Bunga Kredit Bank Turun ke 8,76% per Maret 2026

Budi Santoso

Bunga Kredit Bank Turun ke 8,76% per Maret 2026

Otoritas Jasa Keuangan (OJK) mencatat tren penurunan suku bunga kredit perbankan terus berlanjut, mencapai 8,76% pada Maret 2026. Angka ini lebih rendah dibandingkan bulan sebelumnya (Februari 2026) yang tercatat 8,80%, dan Maret 2025 sebesar 9,20%. Penurunan ini sejalan dengan kebijakan Bank Indonesia (BI) yang menurunkan suku bunga acuan (BI Rate) dari 5,75% pada Maret 2025 menjadi 4,75% pada Maret 2026.

Kepala Eksekutif Pengawas Perbankan OJK, Dian Ediana Rae, menjelaskan bahwa penurunan suku bunga kredit ini terutama dirasakan pada kredit produktif, seperti Kredit Modal Kerja dan Kredit Investasi. Hal ini didorong oleh penurunan biaya dana (cost of fund/CoF) perbankan dan kebijakan penurunan BI Rate dalam setahun terakhir. Rata-rata tertimbang suku bunga Dana Pihak Ketiga (DPK) rupiah pun turut terdorong turun menjadi 2,66%.

Dian menekankan bahwa transmisi penurunan BI Rate ke suku bunga kredit memang memerlukan jeda waktu. Namun, OJK memproyeksikan suku bunga kredit akan terus berada dalam tren menurun. Meskipun demikian, penyesuaian suku bunga kredit pada setiap bank sangat bergantung pada strategi bisnis dan struktur biaya dana masing-masing. OJK mengimbau perbankan untuk terus menyesuaikan suku bunga kredit secara bertahap, dengan tetap memperhatikan kondisi pasar dan menjaga rasio keuangan yang sehat.

Dari sisi likuiditas, industri perbankan nasional dinilai masih sangat memadai untuk mendukung penyaluran pembiayaan ke sektor riil. Namun, pertumbuhan kredit perbankan tetap akan dipengaruhi oleh kondisi perekonomian secara umum, iklim investasi, serta dinamika ekonomi global dan domestik yang terus berkembang.
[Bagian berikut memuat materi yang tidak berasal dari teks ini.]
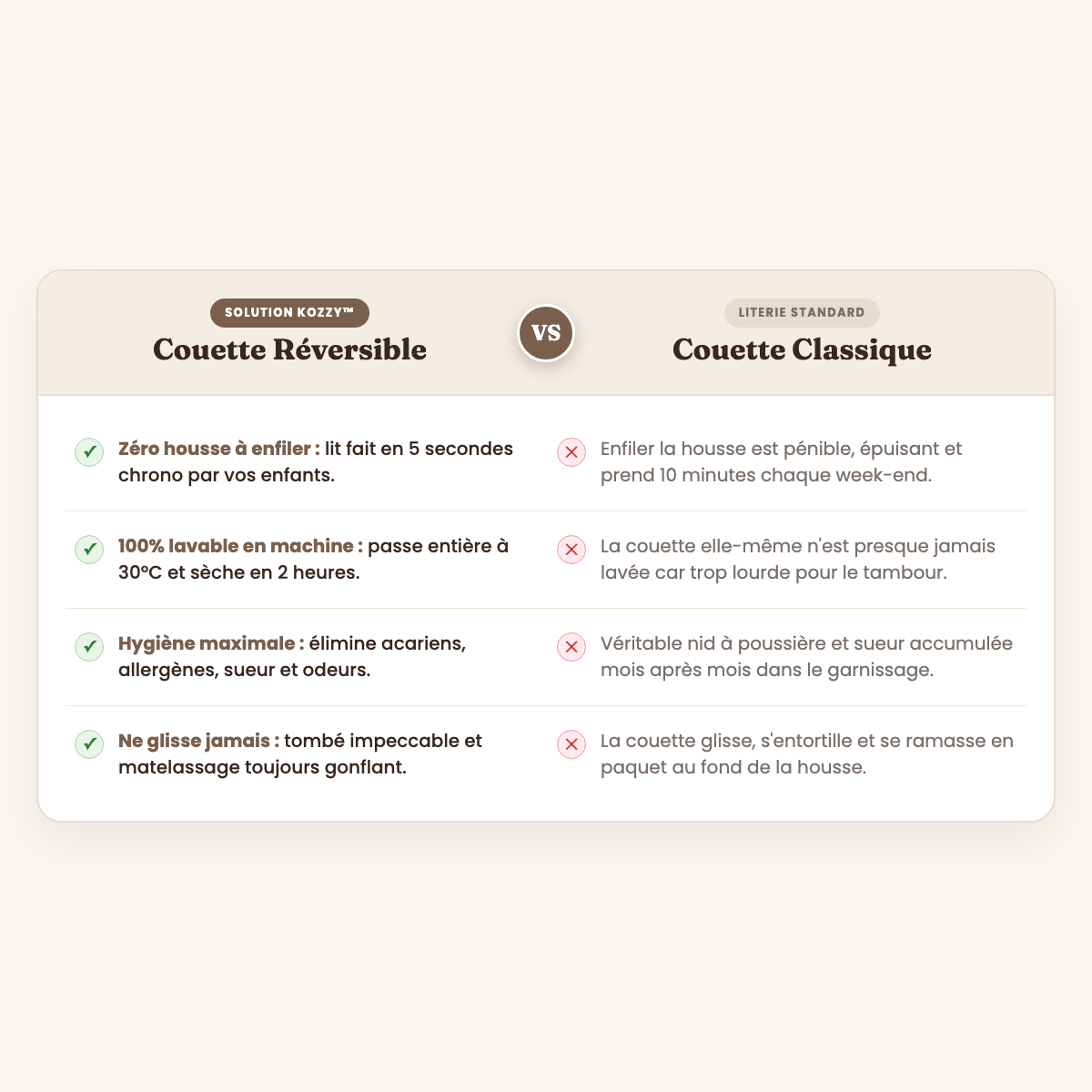 Comparatif : Couette Kozzy sans housse vs Couette traditionnelle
Untuk menjaga momentum pertumbuhan ekonomi dan penyaluran kredit yang sehat serta produktif, sinergi antara pemerintah, regulator, dan seluruh pemangku kepentingan perlu terus diperkuat.

Baca Juga :  Pertamina & LanzaTech Kembangkan Energi Rendah Karbon dari Sampah

Menilik prospek ekonomi domestik, OJK memandang kondisi masih berada dalam zona optimistis. Hal ini tercermin dari Indeks Keyakinan Konsumen (IKK) Maret 2026 yang mencapai 122,89 dan PMI Manufaktur Indonesia yang tetap ekspansif di level 50,1. Angka-angka ini menunjukkan konsumsi rumah tangga dan aktivitas manufaktur yang terjaga. OJK juga berkomitmen untuk memperketat pengawasan terhadap setiap individu bank dan mempertajam analisis terhadap potensi risiko di tengah volatilitas ekonomi global serta pelemahan nilai tukar rupiah.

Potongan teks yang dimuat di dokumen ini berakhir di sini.